I was
happy--but of course I was not satisfied. I was jealous of that which
Andrey Vassilievitch had--and I lacked. My whole relationship to
Andrey Vassilievitch was a curious one. My friendship for his wife
must I am sure have been torture to him. He knew that she had given me
a great deal that she had never given to him. And yet, because he
loved her so profoundly, he was only anxious that she should be happy.
He saw that my friendship gave her new interests, new life even. He
encouraged me, then, in every way, to stay with them, to be with them.
He left us alone continually. During the whole of that four years he
never once spoke in anger to me nor challenged my fidelity.
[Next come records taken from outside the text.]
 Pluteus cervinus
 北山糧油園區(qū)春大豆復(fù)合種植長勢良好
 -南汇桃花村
My
relationship to him was difficult. We were, quite simply as men, the
worst-suited in the world. He had not a trick nor a habit that did not
get on my nerves; he was intelligent only in those things that I
despised a man for knowing. This would have been well enough had he
not persisted in talking about matters of art and literature, of
which, of course, he knew nothing. He did it, I believe, to please his
wife and myself. I despised him for many things and yet, in my heart,
I knew that he had much that I had not. He was, and is, a finer man
than I.... And, last and first of all, he possessed part of his wife
that I did not. After all, she did, in her own beautiful way, love
him. She was a mother to him; she laughed tenderly at his foolishness,
cared for him, watched over him, defended him. Me she would never need
to defend. Our relationship was built rather on my defence of her.
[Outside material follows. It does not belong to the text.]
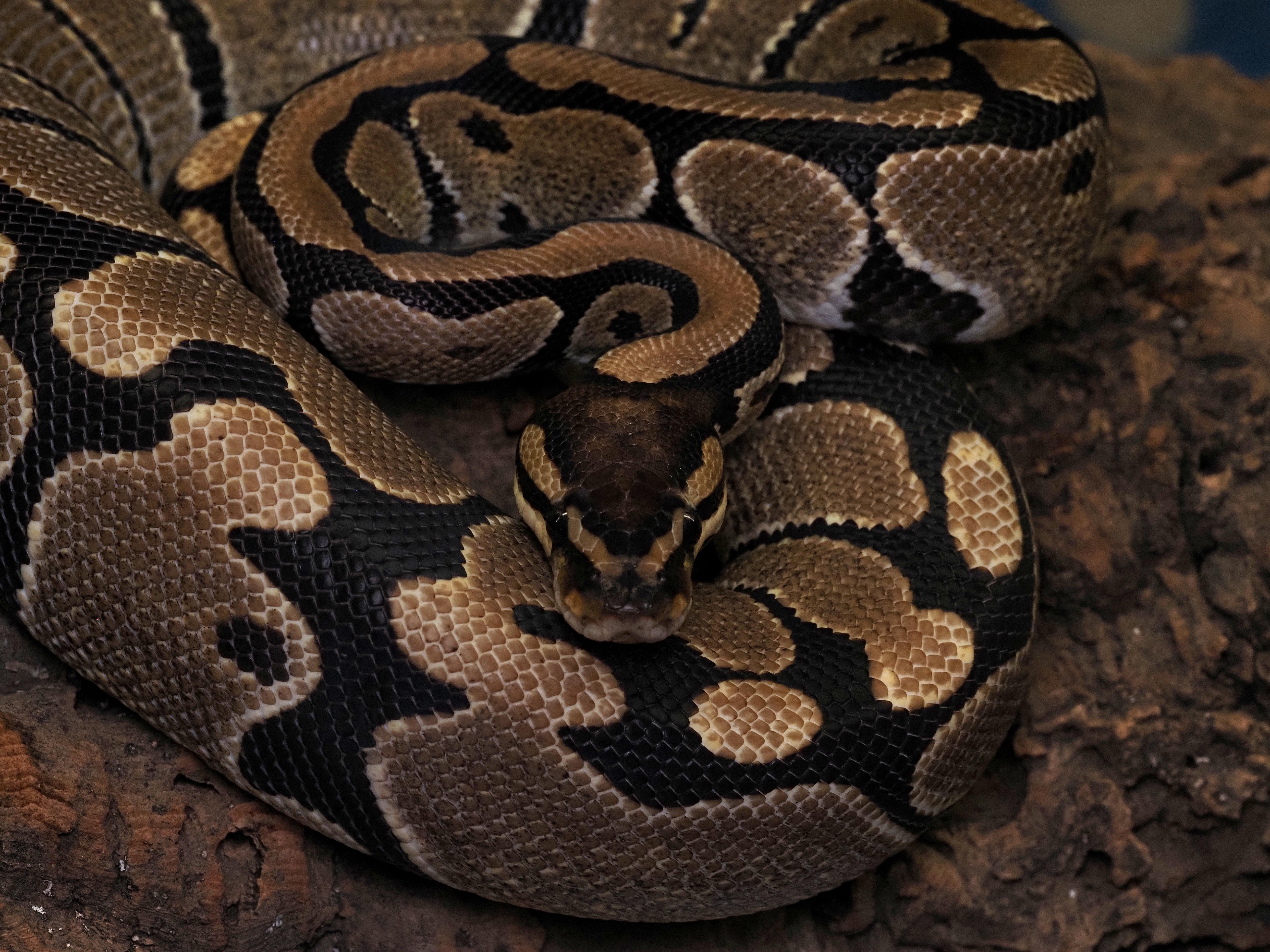 Enlarge Alfie, a ADOPTABLE Ball Python in Tacoma, WA image 1/2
Sometimes I would wish that I were such a _durak_ as Andrey
Vassilievitch, that I might have her protection.... There were many,
many times when I hated him--no times at all when he did not irritate
me. I wished.... I wished.... I do not know what I wished. Only I
always waited for the time when I should have all of her, when I
should hold her against all the world. Then, after four years of this
new life, she quite suddenly died. Again in that little house, on a
'white night,' just as when I had at first met her, the purple
curtains hanging in the little street, the _isvostchik_ sleeping, the
clocks in the house chattering in their haste to keep up with time....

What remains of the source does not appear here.